[Start of Attachment]

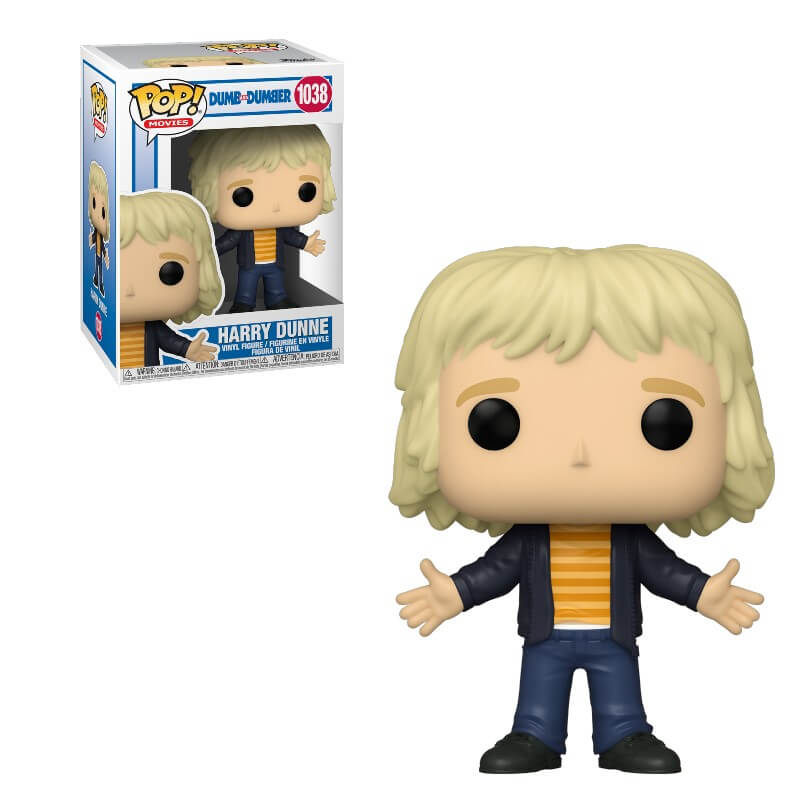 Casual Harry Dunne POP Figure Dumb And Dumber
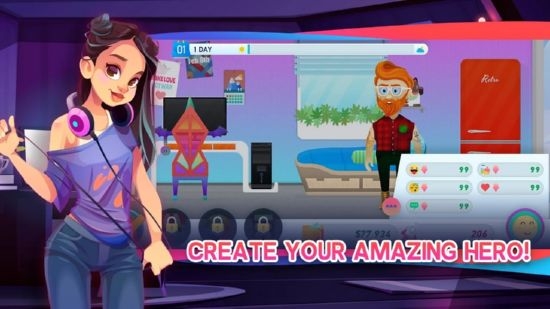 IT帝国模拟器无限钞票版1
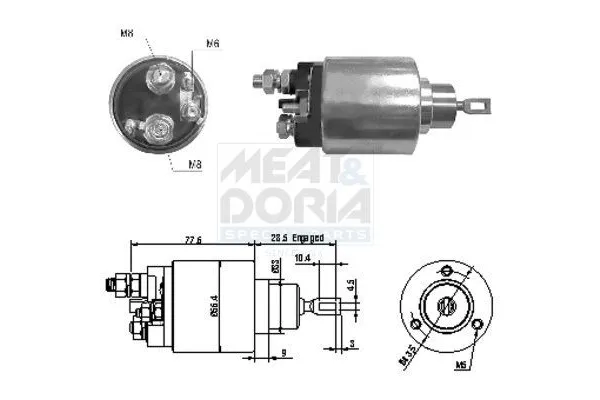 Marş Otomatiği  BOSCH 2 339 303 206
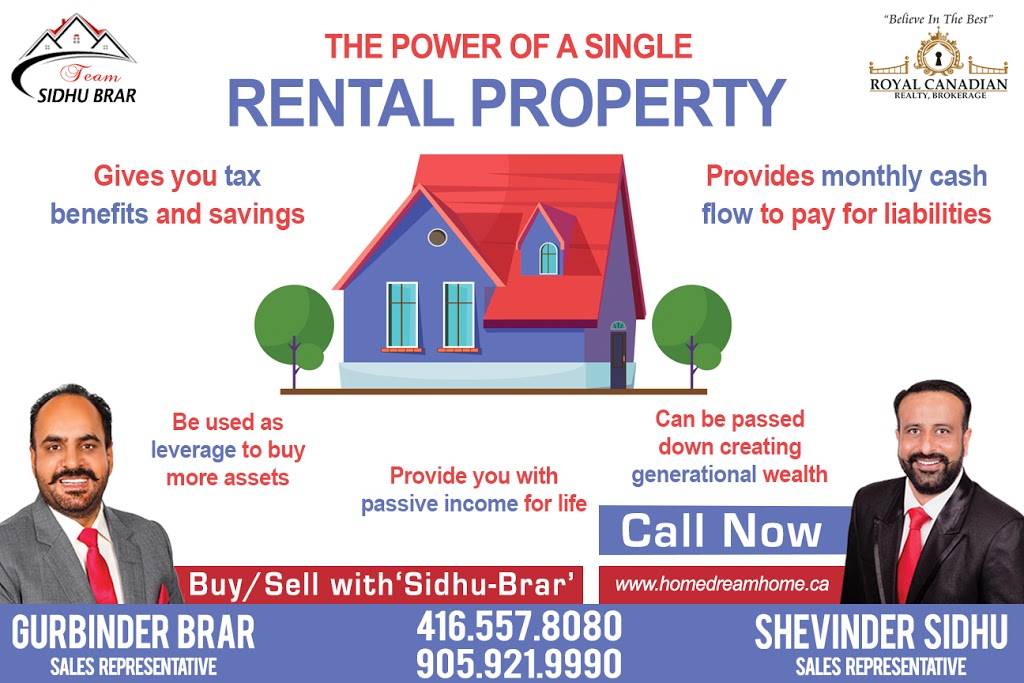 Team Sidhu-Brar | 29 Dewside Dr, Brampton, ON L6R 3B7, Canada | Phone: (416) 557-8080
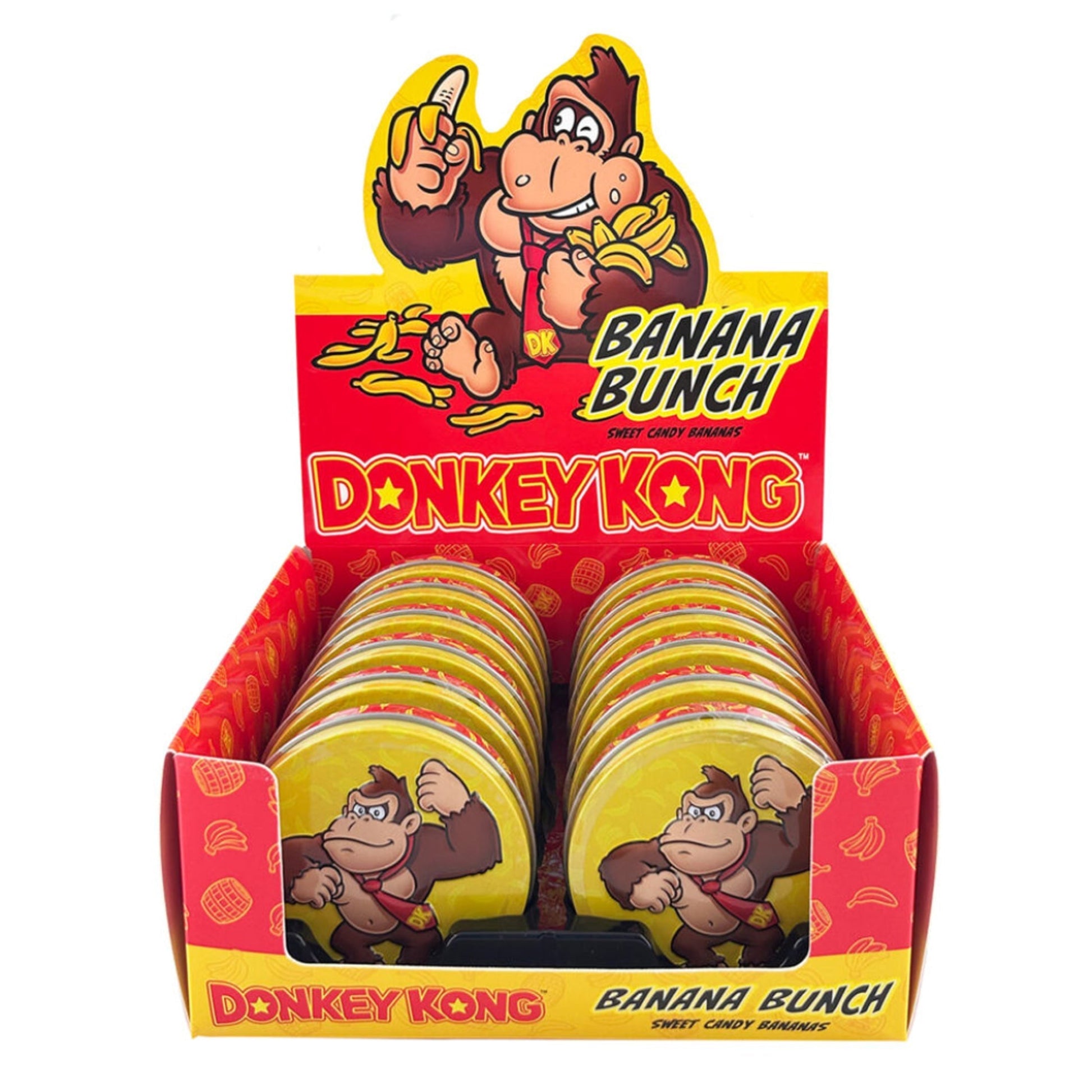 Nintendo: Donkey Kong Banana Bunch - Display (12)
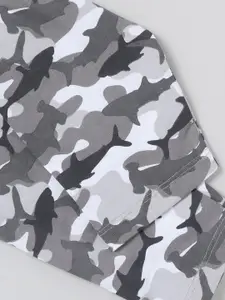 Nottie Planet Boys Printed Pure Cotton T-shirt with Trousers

[End of Attachment]
[Start of Attachment]

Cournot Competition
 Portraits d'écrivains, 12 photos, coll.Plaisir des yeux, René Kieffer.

[End of Attachment]
[Start of Attachment]

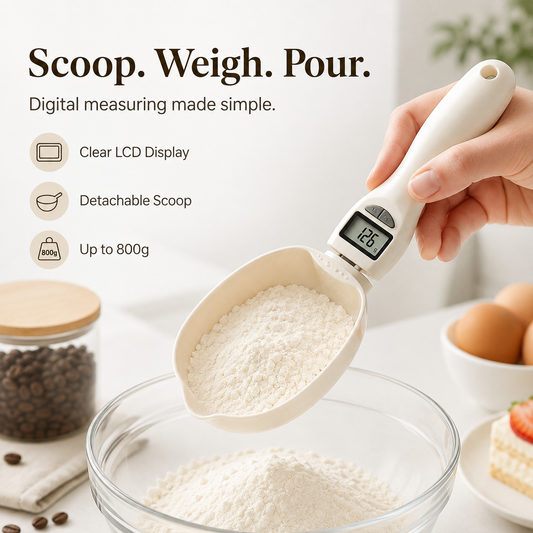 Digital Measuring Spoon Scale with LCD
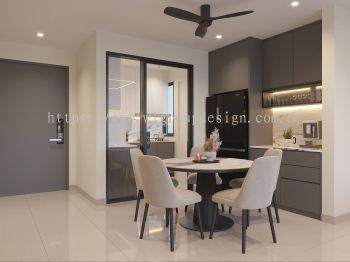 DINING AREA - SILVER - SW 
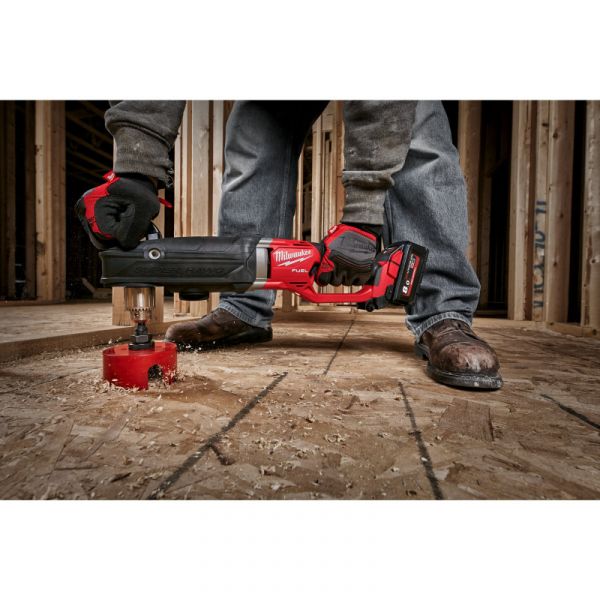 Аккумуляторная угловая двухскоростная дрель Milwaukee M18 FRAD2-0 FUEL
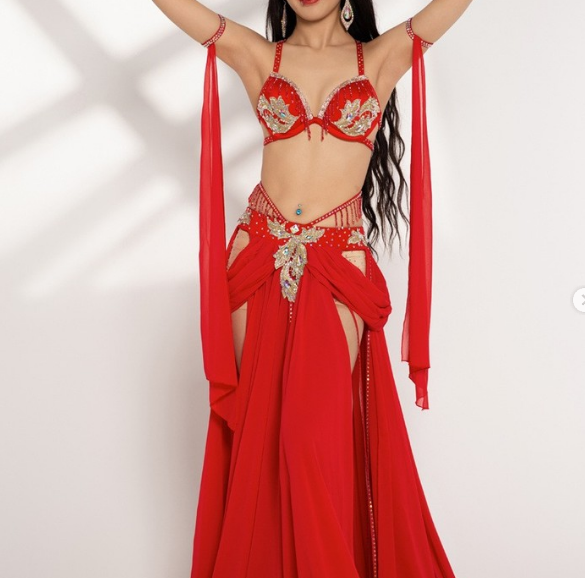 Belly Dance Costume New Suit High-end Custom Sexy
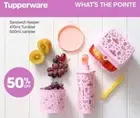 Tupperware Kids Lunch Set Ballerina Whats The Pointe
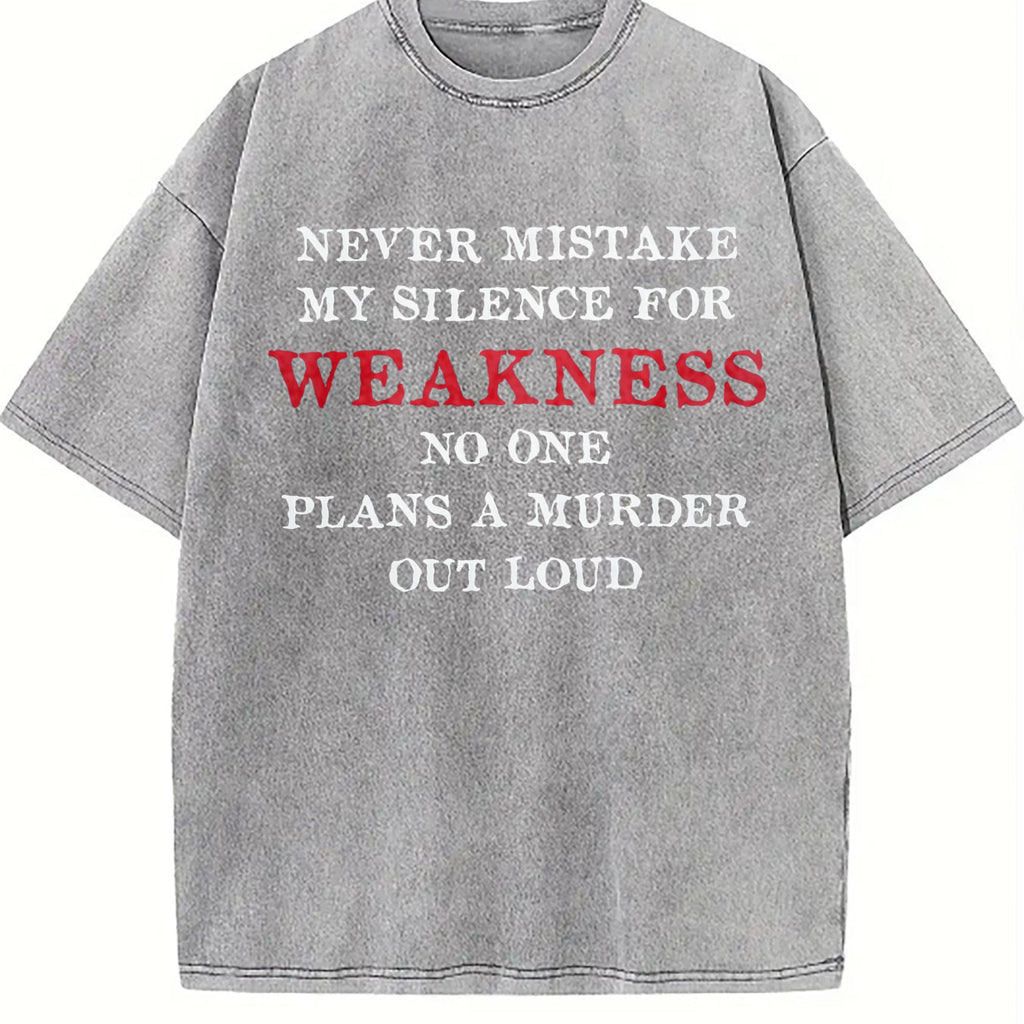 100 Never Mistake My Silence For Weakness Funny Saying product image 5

[End of Attachment]

What is being asked
Beginning with the line above that contains "Casual Harry Dunne" and ending with the line that contains "Nottie Planet Boys", quote each line exactly, keeping out the pictures.

Exercise result
 Casual Harry Dunne POP Figure Dumb And Dumber
 IT帝国模拟器无限钞票版1
 Marş Otomatiği  BOSCH 2 339 303 206
 Team Sidhu-Brar | 29 Dewside Dr, Brampton, ON L6R 3B7, Canada | Phone: (416) 557-8080
 Nintendo: Donkey Kong Banana Bunch - Display (12)
 Nottie Planet Boys Printed Pure Cotton T-shirt with Trousers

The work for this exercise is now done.